Monday, November 18, 2013

Model: Rocking Chair

So this post is about version 2 of the rocking chair. It should be noted that I haven't yet really spent enough time refining the shape and size of the back of this chair. The most important part for now was the join between the back and the seat and the join between the back and the legs. Later I'll probably sculpt the back of the chair more and determine a good height for the back based on anthropometric data and some ergonomic research.

So on with the show. First here's the sketch from which the parts rough shapes and relative sizes were determined. I've changed the type of joint shown in the sketch below though may review that. The joint shown in the sketch below is similar to the wedge system used in an old device called a spanish luthiers rack. While it's incredibly adept at clamping pieces together for short periods of time I think something more substantial needs to be used for a piece of long lasting furniture.

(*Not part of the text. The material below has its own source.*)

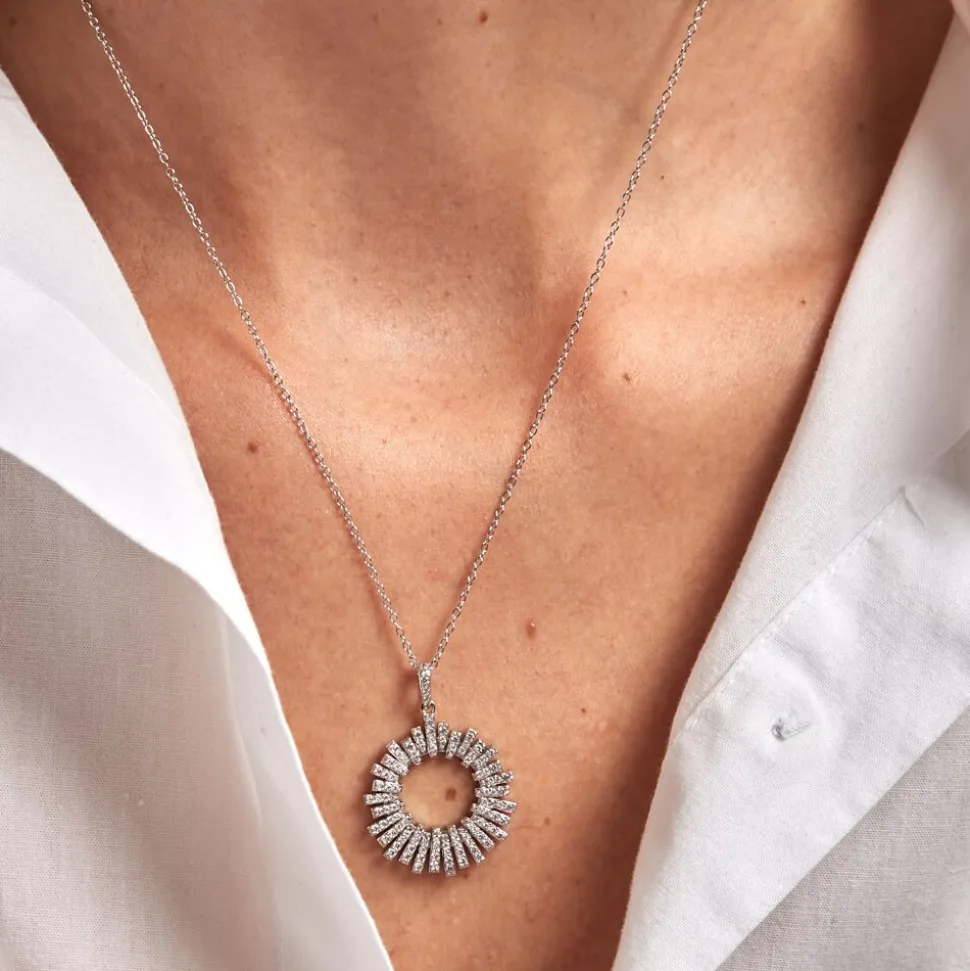 Collier Doretta Argent Blanc Oxyde De Zirconium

I began the model by creating the back and the seat. These were then fitted together. While balsa is not the nicest material to attempt to carve, as the grain rips out very easily, I was more confident as I recent;y got a nice set of small carving chisels just for this purpose. The "ass groove" on this chair should resemble something close to what I achieved on this model though it would be a bit more refined before being made full scale.

Also shown below is the wedge joint underneath the seat that joins the back and seat together. If this is the type of joint I settle on the wedge would be flared slightly on one side then pushed through the mortice, split on the far end with a chisel and have a wedge inserted to flare the end that has been pushed through. I hope all that makes sense. It does in my head, which I suppose is important for now.

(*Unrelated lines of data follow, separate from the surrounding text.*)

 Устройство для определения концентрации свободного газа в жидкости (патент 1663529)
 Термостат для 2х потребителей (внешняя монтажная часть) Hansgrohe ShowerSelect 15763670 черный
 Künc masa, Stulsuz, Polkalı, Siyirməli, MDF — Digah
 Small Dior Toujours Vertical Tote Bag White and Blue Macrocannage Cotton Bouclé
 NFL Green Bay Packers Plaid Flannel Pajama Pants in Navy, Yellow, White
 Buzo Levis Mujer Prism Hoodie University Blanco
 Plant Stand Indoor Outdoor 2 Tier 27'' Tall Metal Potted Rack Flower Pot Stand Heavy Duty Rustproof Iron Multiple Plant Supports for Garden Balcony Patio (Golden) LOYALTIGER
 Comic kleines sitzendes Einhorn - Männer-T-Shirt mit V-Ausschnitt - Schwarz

Below is the model assembled for fit with the legs, rockers, back and seat checked for fit. The brace between the two rockers has not been added at this stage. The gimlets were used to drill the holes for the leg posts to go through the seat, back and rockers and much of the contouring on the underside of the seat was done with the small carving chisel on the right.


Now just a few posed shots of the assembled chair

Side Profile

Underside With Seat/Back Joint

Front View (before the brace was put in)

Rear View (back/leg joints are slightly misaligned)

Shot with Rocking Stool and Miniature Anglepoise Reading Light

The Two Rocking Models To Date

So again I was glad to get these models built and learned a few important aspects from them. Firstly for the legs to be straight the brace between them should be carefully built to exact length and placed close to equal from the front and rear legs. For the rockers to splay they can be placed a bit further forward. The precise positioning of the rear legs is important as the slight misalignment in this small scale model produced a lot of other issues throughout the assembly. The grain on the seat might be better orientated front to back rather than sideways to avoid tearout during carving. Finally and most importantly the joint between the back and seat appears quite rigid even in this soft material and small scale. A promising sign for a larger version to come.